Sensitivity of Methyl Thiolate Desulfurization Selectivity to Reaction Temperature and Hydroxyl Coverage

• Published in: Langmuir Vol. 20; no. 26; pp. 11443 - 11449
• Main Authors: Kang, D. H, Friend, C. M
• Format: Journal Article
• Language: English
• Published: United States American Chemical Society 21.12.2004
• ISSN: 0743-7463; 1520-5827
• DOI: 10.1021/la048822n

The adsorption and reaction of methanethiol (CH3SH) and dimethyl disulfide (CH3SSCH3) on Mo(110)−(1 × 6)−O have been studied using temperature-programmed reaction spectroscopy and reflection−absorption infrared spectroscopy over the temperature range of 110−550 K. The S−H bond is broken upon adsorption to form adsorbed OH, water, and methyl thiolate (CH3S−) at low temperature. Water is evolved at 210 and 310 K via molecular desorption and disproportionation of OH, respectively. Some hydroxyl remains on the surface up to 350 K. Methyl thiolate is also formed from CH3SSCH3 on Mo(110)−(1 × 6)−O. Methyl thiolate undergoes C−S cleavage above 300 K, yielding methane and methyl radicals. There is also a minor amount of nonselective decomposition leading to the formation of carbon and hydrogen. Methane production is promoted by adsorbed hydroxyl. As the hydroxyl coverage increases, the yield of methyl radicals relative to methane diminishes. Accordingly, there is more methane produced from methanethiol reaction than from dimethyl disulfide, since S−H dissociation in CH3SH produces OH. The maximum coverage of the thiolate is ∼0.5 monolayers, based on the amount of sulfur remaining after reaction measured by Auger electron spectroscopy.

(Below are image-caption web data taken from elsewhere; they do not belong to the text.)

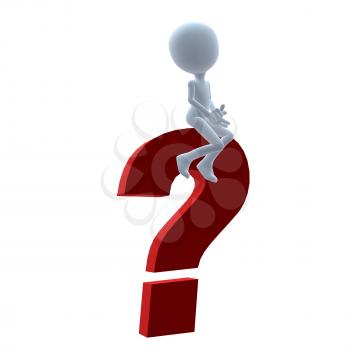 Royalty Free Clipart Image of a Guy Sitting on a Question Mark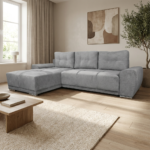 Havana-M Γωνιακός καναπές κρεβάτι με αποθηκευτικό χώρο 270x181x89εκ. Γκρι Ανοιχτό Αριστερή Γωνία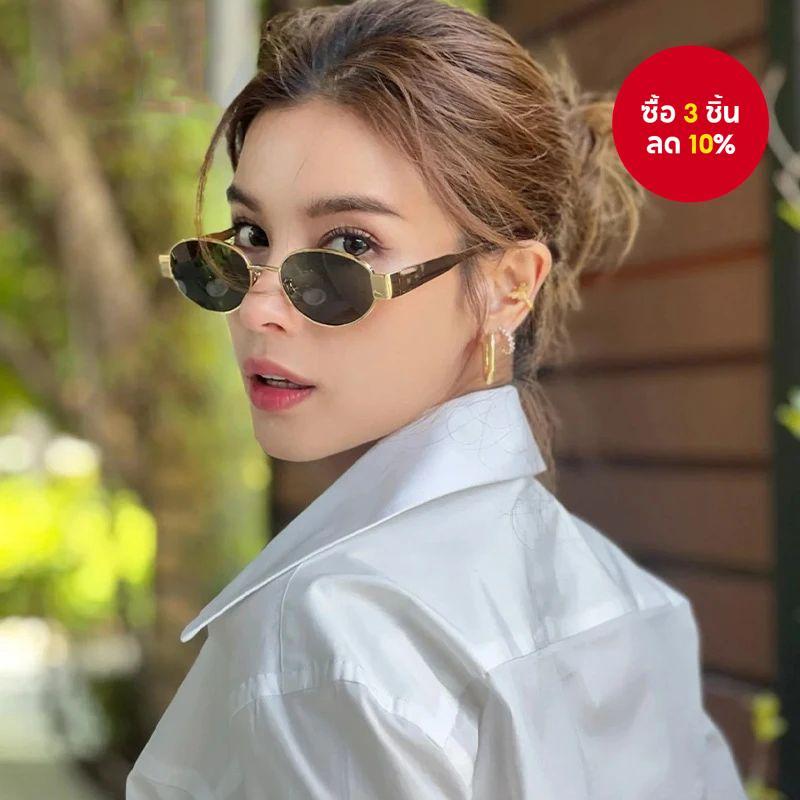 แว่นกันแดด Steampunk Vintage สําหรับผู้หญิง, UV400 Metal Oval Frame Retro Shades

In contrast to cyclopropylmethanethiol (c−C3H5CH2SH), for which alkyl transfer from sulfur to oxygen is observed, there is no evidence for transfer of the methyl group of methyl thiolate to oxygen on the surface. Specifically, there is no evidence for methoxy (CH3O−) in infrared spectroscopy or temperature-programmed reaction experiments.